Moore’s Law is based on the principle of continuous innovation. Intel’s Components Research Group is focused on three areas of innovation: crucial scaling technologies for delivering more transistors, novel silicon capabilities for power and memory improvements, and physics investigation to transform the way the world computes. Component Research was responsible for many of the inventions that broke past prior Moore’s Law boundaries and are now found in today’s devices, including strained silicon, Hi-K metal gates, FinFET transistors, RibbonFET, and packaging advancements including EMIB and Foveros Direct.
Through its three areas of pathfinding, Intel is on track to continue the advancement and benefits of Moore’s Law well beyond 2025, as evidenced by the breakthroughs revealed at IEDM 2021.
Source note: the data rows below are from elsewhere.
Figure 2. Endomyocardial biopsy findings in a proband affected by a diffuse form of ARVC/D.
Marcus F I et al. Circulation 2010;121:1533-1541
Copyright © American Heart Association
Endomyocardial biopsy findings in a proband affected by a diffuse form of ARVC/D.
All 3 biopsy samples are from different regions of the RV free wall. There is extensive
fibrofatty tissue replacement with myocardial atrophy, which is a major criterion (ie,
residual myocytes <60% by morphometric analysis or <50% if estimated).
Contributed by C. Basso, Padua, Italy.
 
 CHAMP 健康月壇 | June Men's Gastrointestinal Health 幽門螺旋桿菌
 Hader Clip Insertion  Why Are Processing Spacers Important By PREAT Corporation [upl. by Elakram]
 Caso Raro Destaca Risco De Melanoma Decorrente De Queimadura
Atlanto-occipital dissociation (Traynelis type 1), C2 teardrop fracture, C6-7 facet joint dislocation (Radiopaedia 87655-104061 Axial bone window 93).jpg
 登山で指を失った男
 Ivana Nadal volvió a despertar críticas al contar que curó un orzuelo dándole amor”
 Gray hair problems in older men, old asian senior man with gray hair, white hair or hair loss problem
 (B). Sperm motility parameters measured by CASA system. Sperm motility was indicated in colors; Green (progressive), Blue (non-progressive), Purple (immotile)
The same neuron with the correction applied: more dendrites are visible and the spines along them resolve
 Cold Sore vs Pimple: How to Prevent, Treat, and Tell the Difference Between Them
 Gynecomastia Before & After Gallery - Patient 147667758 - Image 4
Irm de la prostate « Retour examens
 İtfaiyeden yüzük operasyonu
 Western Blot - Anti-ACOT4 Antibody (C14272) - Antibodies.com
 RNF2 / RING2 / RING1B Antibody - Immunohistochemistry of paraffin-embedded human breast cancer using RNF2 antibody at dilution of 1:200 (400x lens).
Intel is investing heavily in key scaling technologies to deliver more transistors in future product offerings:
The company’s researchers have proposed solutions for the design, process, and assembly challenges of hybrid bonding interconnect, predicting a 10x increase in interconnect density in packaging. Intel announced plans to introduce Foveros Direct, which will enable sub-10-micron bump pitches and an order of magnitude increase in interconnect density for 3D stacking, at the Intel Accelerated event in July. Intel is also calling for the creation of new industry standards and testing procedures to enable a hybrid bonding chipset ecosystem so that the ecosystem can benefit from advanced packaging.
Beyond its gate-all-around RibbonFET, Intel is preparing for the post-FinFET era by stacking multiple (CMOS) transistors to provide a maximum 30 percent to 50 percent logic scaling gain for Moore’s Law’s continuous growth by fitting more transistors per square millimeter.
Intel is also paving the way for Moore’s Law to advance into the angstrom era with forward-looking research that shows how novel materials as thin as a few atoms can be used to make transistors that overcome the limitations of conventional silicon channels, allowing millions more transistors per die area for ever-more-powerful computing in the next decade.
Intel is giving silicon new capabilities
The world’s first integration of GaN-based power switches with silicon-based CMOS on a 300 mm wafer is advancing more efficient power technologies. This paves the way for low-loss, high-speed power delivery to CPUs while also reducing motherboard components and space requirements.
Intel’s industry-leading low-latency read/write capabilities using novel ferroelectric materials for possible next-generation embedded DRAM technology that can deliver more memory resources to address the growing complexity of computing applications, from gaming to AI, are another advancement.
With silicon transistor-based quantum computing, Intel is targeting huge performance, as well as wholly new switches for tremendously energy-efficient computation with revolutionary room-temperature devices. These breakthroughs could eventually replace traditional MOSFET transistors by employing whole new physics concepts:
Intel exhibited the world’s first experimental realization of a magnetoelectric spin-orbit (MESO) logic circuit at ambient temperature at IEDM 2021, demonstrating the potential for a new type of transistor based on switching nanoscale magnets to be manufactured.
Intel and IMEC are working on spintronic materials research to bring device integration research closer to a fully functional spin-torque device.
Intel also demonstrated full 300 mm qubit process flows for scalable quantum computing that is compatible with CMOS production, as well as the next stages for further research.